Data segment:
..........
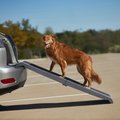Frisco Bi-Fold Travel Dog Car Ramp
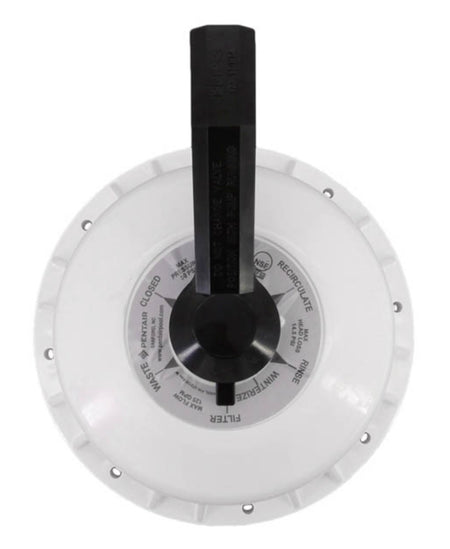 Pentair 272422 valve top assembly, side view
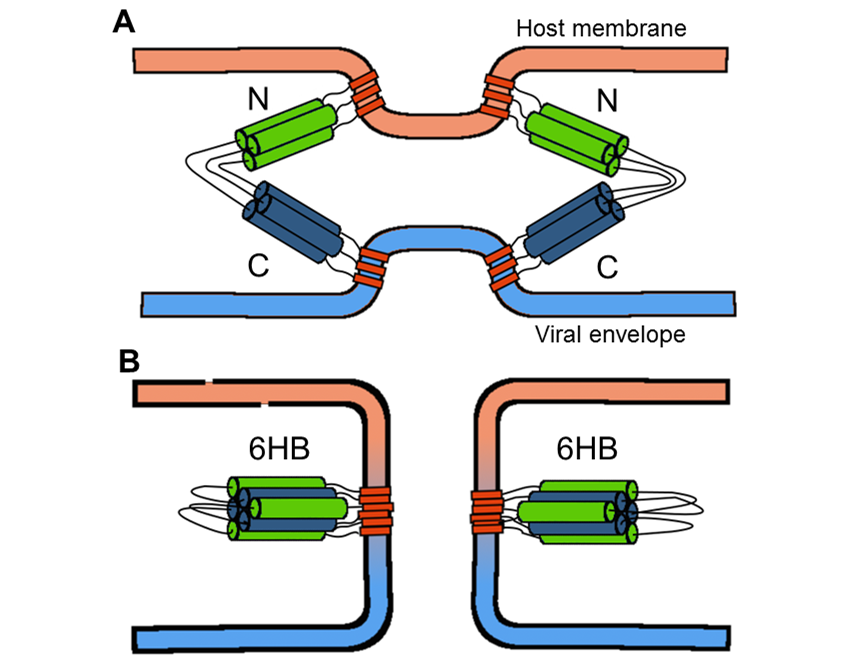 [Figure2]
..........
Goal of the exercise:
When copying the listing, print each line exactly but leave out every picture.

Answer space:
Frisco Bi-Fold Travel Dog Car Ramp
 Pentair 272422 valve top assembly, side view
 [Figure2]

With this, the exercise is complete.